Power was a mainstay of Abstraction-Création, but his work deviated markedly from the stated aims of the group. According to Virginia Spate in her catalogue essay, these artists saw non-figuration as “a purely plastic culture, which excludes every element of explication, anecdote, literature, naturalism, etc.”
This would eliminate most of Power’s works, which feature heads, bathers, dancers, and even the stories of Apollo and Daphne and Susannah and the elders. Regardless of his immersion in the late Cubist style, Power was largely a narrative artist. His acceptance by Abstraction-Création may have owed something to his stature as a theorist, and something to his wealth, as most of the other members of the group were terminally impoverished.
A number of works in this exhibition are titled Abstraction, which is a tacit admission that the other paintings do not fit this description. He uses a lot of colour, but the effect is decorative in the extreme. This is not necessarily a fault, as artists were often praised for their decorative qualities at the time, even Matisse and Bonnard. But there is a huge gulf between the striking, dynamic colour contrasts in Matisse’s paintings and the rather predictable combinations that Power employs.

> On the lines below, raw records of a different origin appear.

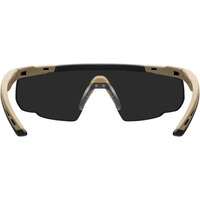 Brille SABER ADVANCED, WileyX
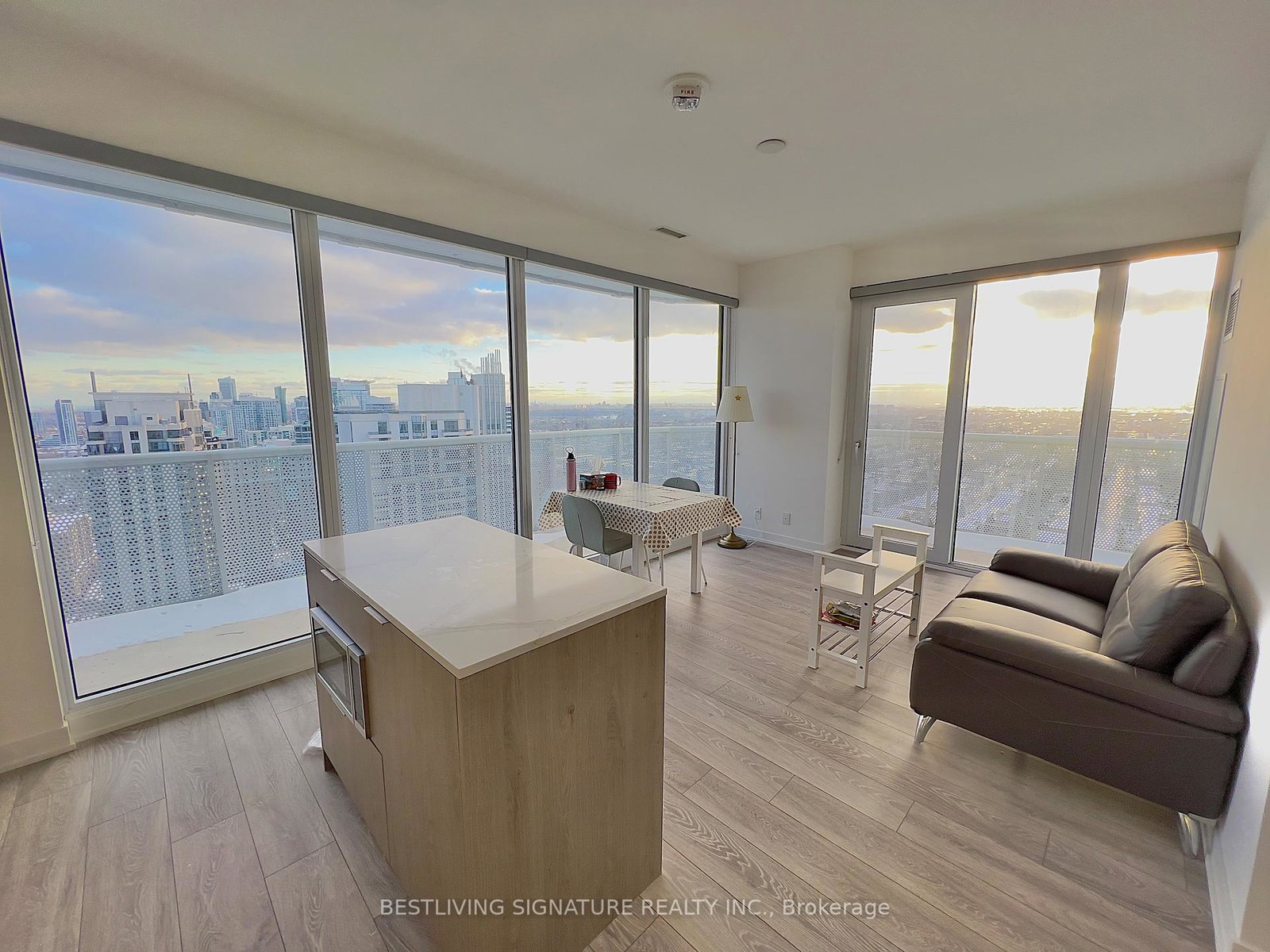 15-holmes-avenue-north-york-ontario-c12346351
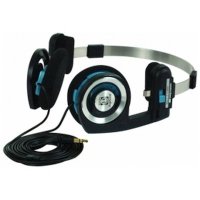 наушники Koss Porta Pro Classic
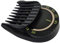 Kammaufsatz, Bartkamm Aufsatz, verstellbarer Haarschneideaufsatz kompatibel mit Philips Multigroom 1-3mm CP2133 All-in-One Trimmer
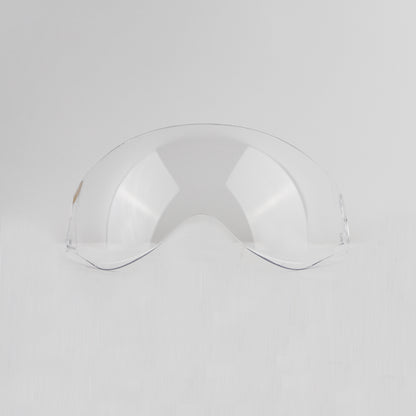 Steelbird  SB-50 CLEAR VISOR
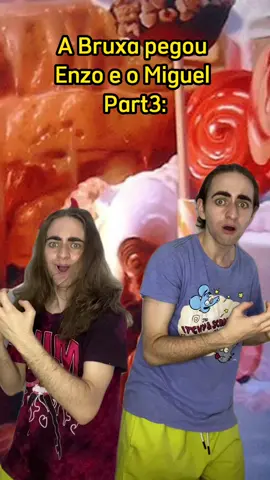 ME SEGUE AI POXA 🥲😂🥰 #humor #comedia #irmaos #bruxa 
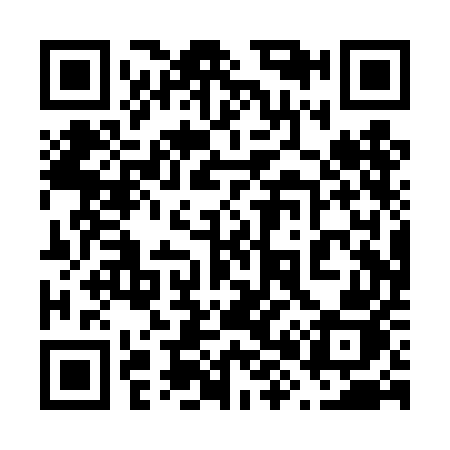 QR code for 680TEJ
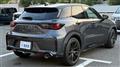 2025 Lexus Other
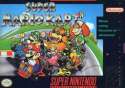 Supermariokart_box.jpg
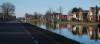 kanaal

Another consistent feature of these paintings is Power’s love of illusory three-dimensional space, which may reflect the influence of Fernand Léger, of Surrealism, and of Karl Blossfeldt’s popular book, Original Forms of Art (1929), which led many artists to experiment with biomorphic imagery. One can imagine almost any of Power’s paintings remade as a freestanding sculpture.
Donaldson and Stephen quote a line from the young Robert Hughes, who speculated that if Power had painted the same pictures in Australia rather than Paris, “he would possibly be regarded as the most important figure in our early avant-garde.” The curators would go one step further, awarding this title to Power without hesitation.
This may be true, if only because there is so little competition, but if Power was important in an Australian context he is a minor figure in the history of Modernism. While no other Australian artist was so closely connected with the European avant-garde, Power was a fellow traveller with academic, second-generation Cubists such as Louis Marcoussis, Albert Gleizes, André Lhote, or his good friend, Auguste Herbin. He is a competent painter, but there is nothing original about his approach. Obsessively neat and finished, his pictures borrow a visual language from Picasso, which is followed as an inflexible mantra.
By 1934, Picasso had moved on from Cubism, painting oils such as Nude in a garden (1934), which was shown at the Art Gallery of NSW earlier this year. It is inconceivable that Power could ever have produced anything so savage and sensuous. If we accept Power as our most significant early avant-gardist, he remains a painter who was more attentive to the forms rather than the spirit of modern art. Other Australian artists, such as Grace Cossington Smith, Eric Wilson and Ralph Balson, would paint more convincing pictures.
Although he lived as a professional painter, Power has all the traits of the enthusiastic amateur. He worked within an established style, and never seemed to tire of it. Indeed, his style-consciousness sets him apart from the great modernists who recognised no fixed rules or method, and delighted in pushing the boundaries. In this show we see that Power was no revolutionary. He was one of those artists who helped Modernism shed its rebellious image and become a new orthodoxy. He may have been a citizen of the world but in his accommodating disposition he was typically Australian.